Music In Brief

Cursive didn't really become Cursive until the 2000 album Domestica, when Tim Kasher started cutting his high-intensity emo-punk with doleful pop. The early singles and outtakes collected on The Difference Between Houses And Homes: Lost Songs And Loose Ends 1995-2001 (Saddle Creek) borrow more liberally from the abrasive side of Superchunk and Archers Of Loaf, and though most of these tracks wouldn't make much sense on a current Cursive record, they have an exciting energy, and unmistakable elements of Kasher's famously painful self-examination…

The Jan Martens Frustration's self-titled collection on Hidden Agenda brings together an album, an EP, and a single originally released in Sweden by this semi-supergroup, featuring members of The Soundtrack Of Our Lives and The Hellacopters. For the most part, the record is as bombastic and hookless as the bands that spawned the JMF, but it contains at least two readily salvageable tracks: the skittering "Linger On" and the propulsive, sunny "Catch As Catch Can"…

On the pop-folk troubadour front, both Malcolm Middleton and Salim Nourallah have just released new albums that refine their respective sounds, and should increase their respective cults. Middleton's Into The Woods (Chemikal Underground) races out of the gate with one of the year's best songs, "Break My Heart," a bouncy, piano-driven lament that has the Arab Strap co-founder listing what he plans to do when his lover inevitably leaves. Nothing else on the record is that good, only because little else could be. Nourallah's Beautiful Noise (Western Vinyl), meanwhile, works the same world-weary rock-scholar vein as Jeff Tweedy and Wilco, with keen results on songs like the delicately John Lennon-esque "The World Is Full Of People Who Want To Hurt You" and the swirling, existential "Montreal"…

On Goldrush's second album, Ozona (Better Looking), the former Britpop mediocrity takes a new direction inspired by touring across the American southwest. Co-producers Rob Campanella and Dave Fridmann integrate the band's new West Coast jangle, country-rock stomp, and psychedelic balladry, giving songs like "Jupiter" and "Counting Song" alluring textures that make them catchier than their barely there melodies portend…

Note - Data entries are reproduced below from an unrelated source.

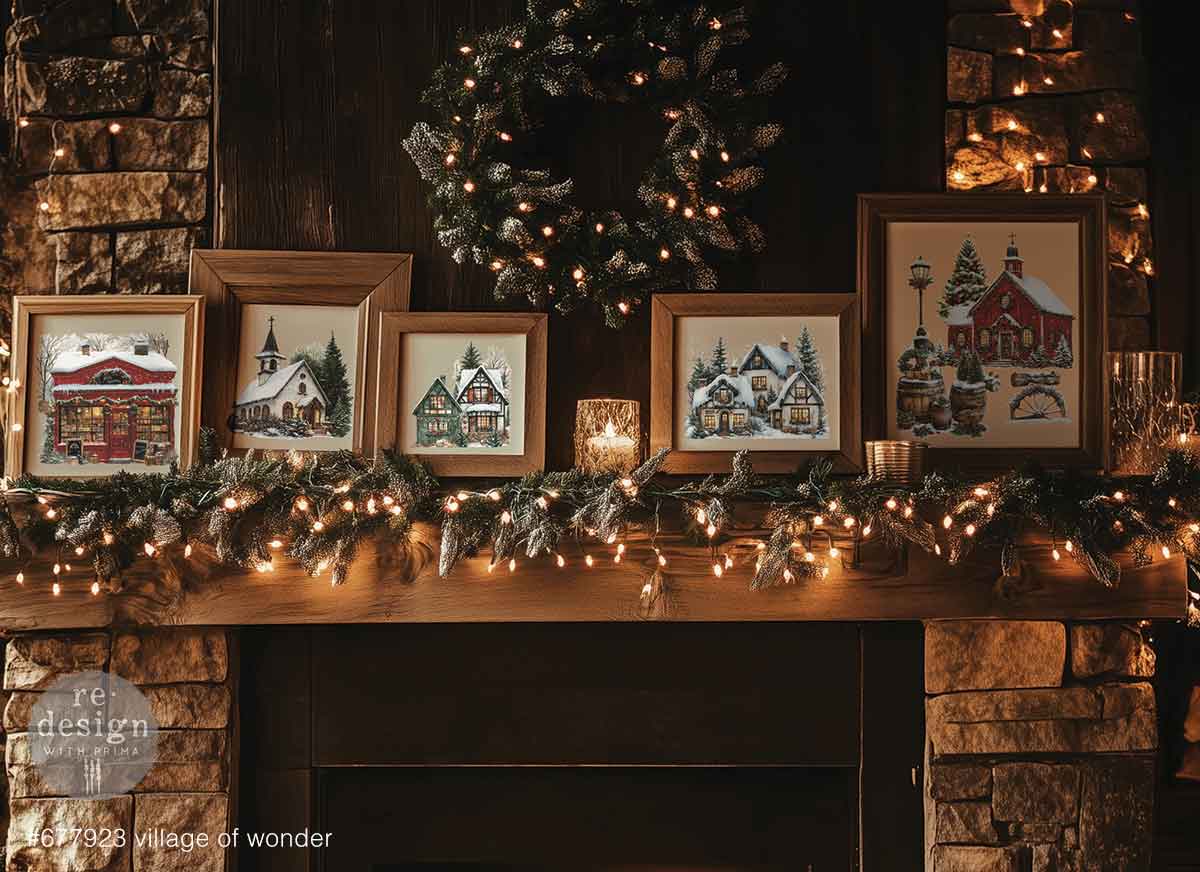 Re-Design with Prima, Middy Transfers, Christmas, Village of Wonder, Holiday Town, Rub on Transfers, 2025 Q3, 3 + 1 bonus sheets, 8.5″x11″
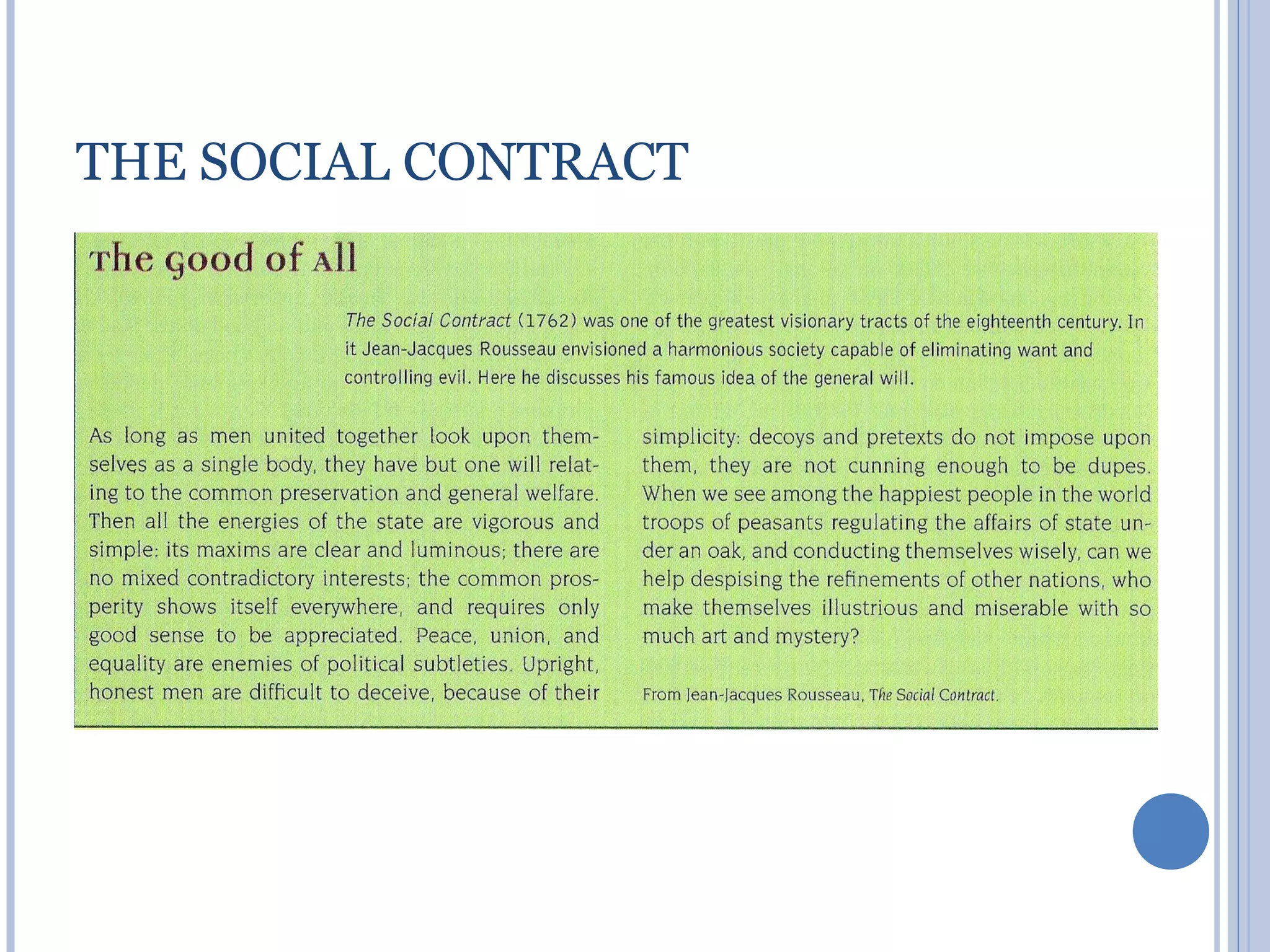 THE SOCIAL CONTRACT
 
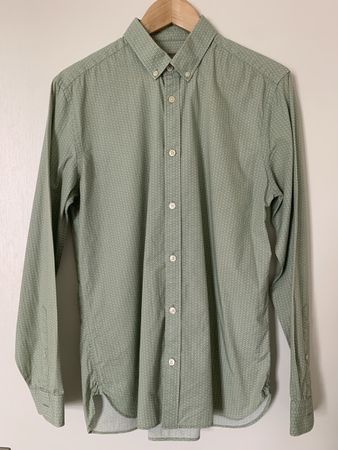 Jaeger Mens Luxury Shirt, Size M, Cotton, Green, Wedding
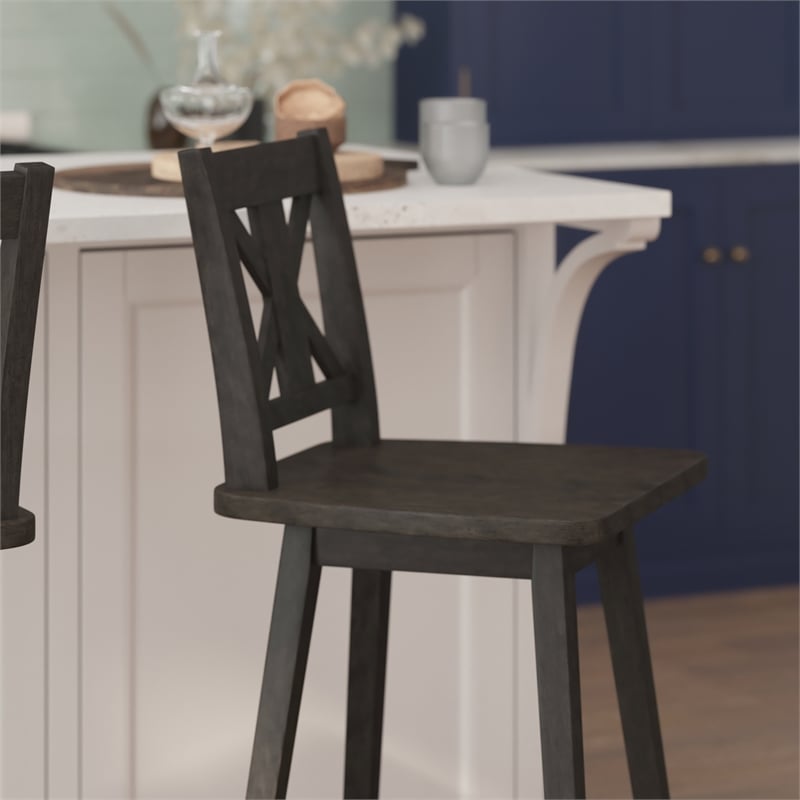 Commercial 360 Swivel Wood Bar Height Stool in Gray Wash Walnut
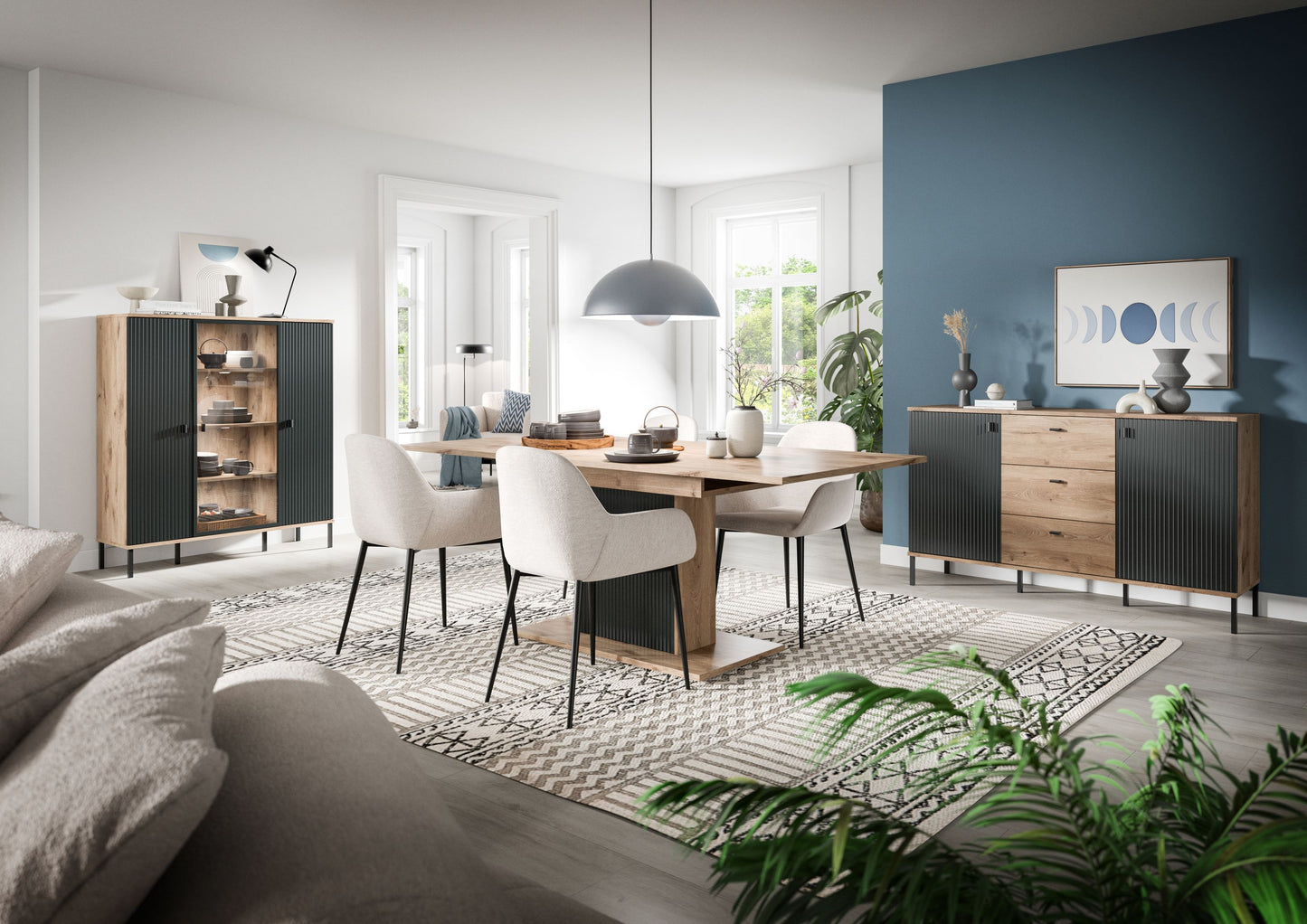 Homes & Jones Highboard, Wohnzimmerschrank-mit 4 Deko Fächer, Wohnmöbel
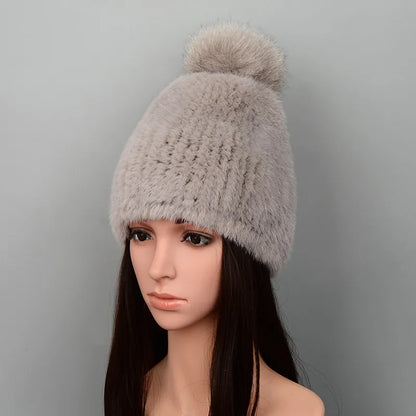 Mink Fur Knit Hat With Fox Fur Ball Winter Warm Women'S Beanie Hat 100% Natural Authentic Fur Hat Russian Women'S Hat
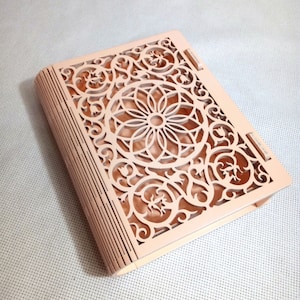 Pastell rosa Tarot Karten Box Laser geschnitten Mandala Holz Box Schmuck Aufbewahrung Schmuckschatulle mit Blumendeckel Hexe Altar Box Weihnachtsgeschenk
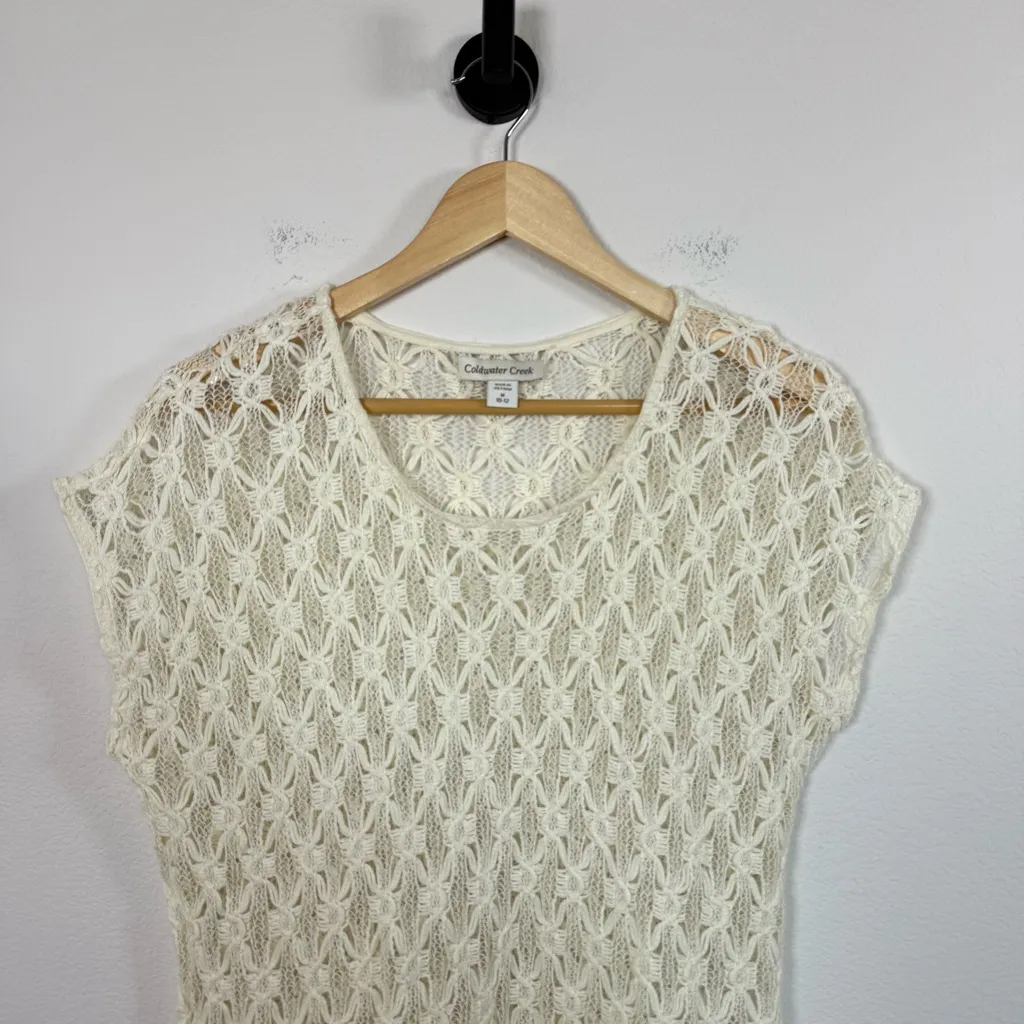 Coldwater Creek Women’s Open Knit Crochet Top Ivory/Tan Size M - Image 4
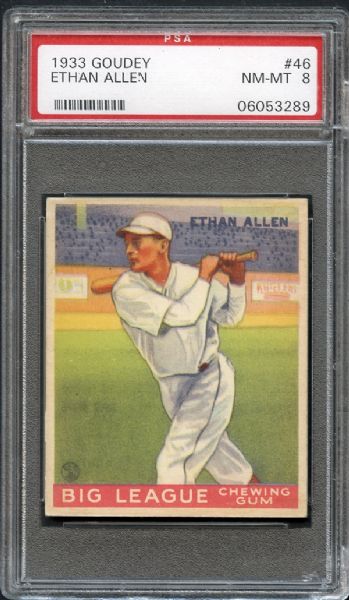1933 Goudey #46 Ethan Allen PSA 8 NM/MT
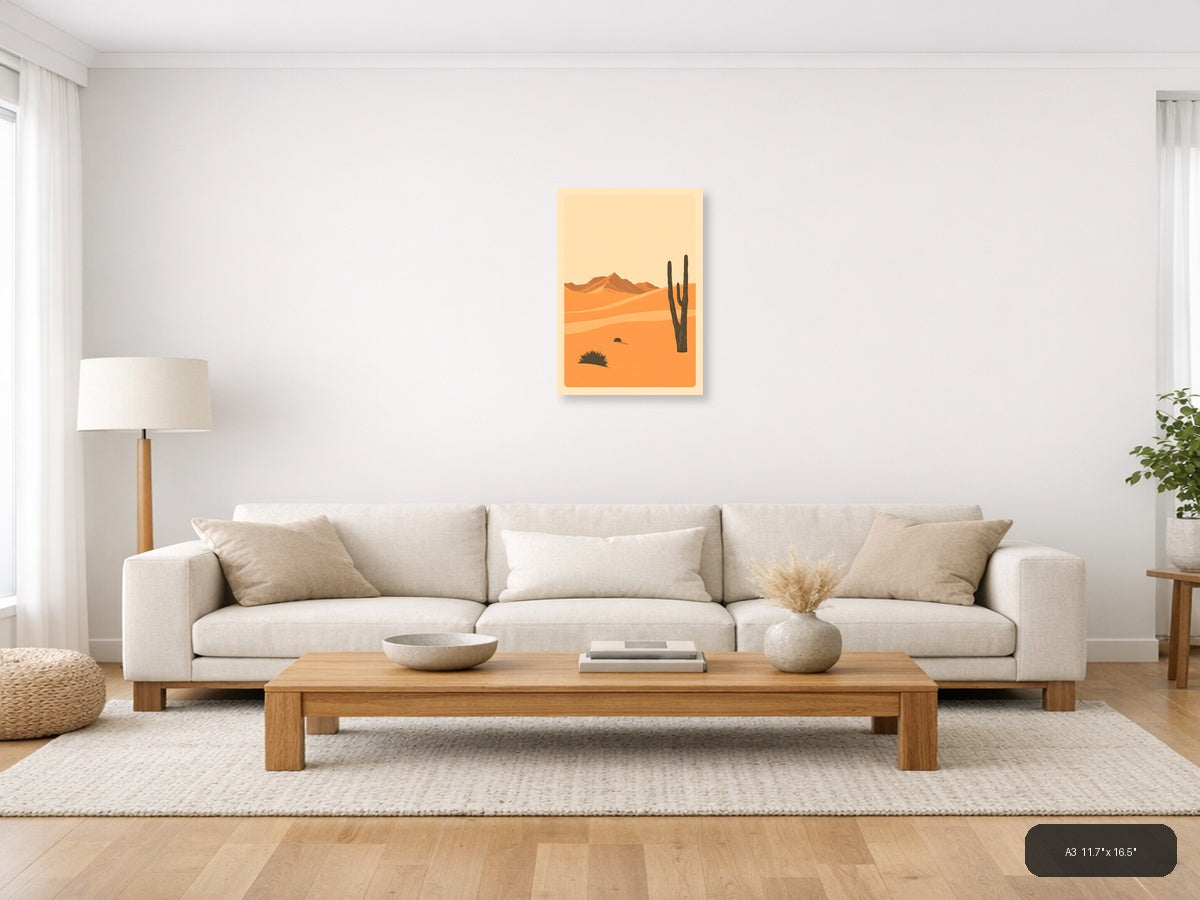 Vintage Desert Landscape with Saguaro Cactus Wall Art — A3 / Living Room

Little Rock's singular American Princes caught a welcome break with superb southern indie-rock label Yep Roc, which will release the band's third record in 2006, and has re-released last year's Little Spaces as an appetizer. American Princes have a sound halfway between the expansive, apocalyptic pop-punk of Canadian bands like Constantines and the desperate, atonal boogie of Kings Of Leon, all stirred into a tall glass of gulping whiskey. The mix produces striking effects on songs like the screeching anti-anthem "Rock 'N' Roll Singer," the inverted classic rocker "I Want To Be Good," and the weary road-ballad "Eyeliner." Album number three can't come fast enough.